# Question........Youngest dog to achieve Master title in AKC Hunt test?



## fredhassen (Dec 4, 2009)

I'm sure that's a pretty commonly known fact, but I sure don't know it.
Anyone got the answer to that?


----------



## Amy Avery (Feb 17, 2005)

Fancy Tattooed On The Water MH title at 15 months
Chocolate female 
FC/AFC Cuda's Blue Ryder MH X Kirby's Kelly MH

Her son had his MH title at 27 months and sired a litter with one of my females.

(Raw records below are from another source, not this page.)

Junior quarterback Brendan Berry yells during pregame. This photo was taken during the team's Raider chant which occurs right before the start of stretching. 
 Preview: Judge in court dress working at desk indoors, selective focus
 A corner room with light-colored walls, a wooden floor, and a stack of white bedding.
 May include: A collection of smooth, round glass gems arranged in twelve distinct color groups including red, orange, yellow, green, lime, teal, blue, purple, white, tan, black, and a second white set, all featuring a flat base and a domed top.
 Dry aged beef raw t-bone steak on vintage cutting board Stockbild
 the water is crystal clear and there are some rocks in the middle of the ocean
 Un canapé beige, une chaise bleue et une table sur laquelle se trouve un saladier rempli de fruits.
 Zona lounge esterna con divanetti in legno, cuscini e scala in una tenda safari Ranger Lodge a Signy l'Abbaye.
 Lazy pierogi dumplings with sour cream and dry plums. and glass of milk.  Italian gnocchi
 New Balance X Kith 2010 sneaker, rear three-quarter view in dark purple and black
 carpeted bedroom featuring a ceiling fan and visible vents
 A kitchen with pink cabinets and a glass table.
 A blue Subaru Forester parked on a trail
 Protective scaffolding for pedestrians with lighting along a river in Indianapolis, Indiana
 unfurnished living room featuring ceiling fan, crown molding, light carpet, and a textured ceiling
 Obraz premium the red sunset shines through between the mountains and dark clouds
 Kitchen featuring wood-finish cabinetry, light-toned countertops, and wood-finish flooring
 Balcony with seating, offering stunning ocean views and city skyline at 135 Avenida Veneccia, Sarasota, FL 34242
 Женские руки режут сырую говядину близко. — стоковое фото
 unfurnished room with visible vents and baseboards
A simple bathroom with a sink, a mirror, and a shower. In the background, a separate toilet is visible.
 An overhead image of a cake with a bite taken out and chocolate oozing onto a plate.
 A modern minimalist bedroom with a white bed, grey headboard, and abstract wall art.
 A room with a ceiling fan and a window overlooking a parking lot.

>>Im sure there are some younger!


Amy


----------



## fredhassen (Dec 4, 2009)

Amy Avery said:


> Fancy Tattooed On The Water MH title at 15 months
> Chocolate female
> FC/AFC Cuda's Blue Ryder MH X Kirby's Kelly MH
> 
> ...


Thanks Amy!


----------



## Juli H (Aug 27, 2007)

the youngest chessie MH was 14 months old...and I know there was a lab younger than that to get his/her MH title....

Juli


----------



## Brian Cockfield (Jun 4, 2003)

It's been several years ago now but there was a guy named Rusty Pye (sp.) that supposedly titled a lab at 13 months. I have never verified this and again it was several years ago. I just remember people in SC talking about it at HT.


----------



## g_fiebelkorn (Jul 31, 2006)

fredhassen said:


> I'm sure that's a pretty commonly known fact, but I sure don't know it.
> Anyone got the answer to that?


If I remember correctly a few years back there was a Golden Retriever who earned MH status at about age 14 months. I do not remember the name of the dog or owner.


----------



## Buzz (Apr 27, 2005)

Fred, I have no idea...

How is your pup doing?


----------



## fredhassen (Dec 4, 2009)

Buzz said:


> Fred, I have no idea...
> 
> How is your pup doing?


Hi Buzz! Great! Posted a fun video yesterday. Should be out there before too long.


----------



## moscowitz (Nov 17, 2004)

So what! Where are those dogs now?

Juli who was the chessie - name and owner and anyother information you have. I know Chester on Mosha'a truck was an MH before 24 months and was trained by Chris Locklear.
Chester running open.

A yellow lab by the name of Pie owned by Rex Bell was an MH at 18 months and had all age points but no win. Dog passed on many years ago


----------



## Granddaddy (Mar 5, 2005)

moscowitz said:


> So what! Where are those dogs now?....
> 
> A yellow lab by the name of Pie owned by Rex Bell was an MH at 18 months and had all age points but no win. Dog passed on many years ago


One of my bitches, Sexy, got her first master pass at 11 mos. Not sure when she titled but there is a difference between getting the final pass needed & the date AKC awards the MH title. She was both MH & QAA prior to 24 mos. Sexy is now an AA dog with a number of AA finishes - and expecting her first litter near the end of the month. It's nice line breeding (FC AFC Hunter's Run BooBoo x Hardscrabble Play With My Buns MH (Sexy).


----------



## Juli H (Aug 27, 2007)

Mike - had to do some research....

Blackburns Deepwater Kipper - bred by Maggie Langhorn ..... Honeybear's Yukon Simba*** x Clippers Stillwater Molly MH. http://www.chessieinfo.net/cgi-bin/pp_pedigree.pl?id=3865&gens=5 ...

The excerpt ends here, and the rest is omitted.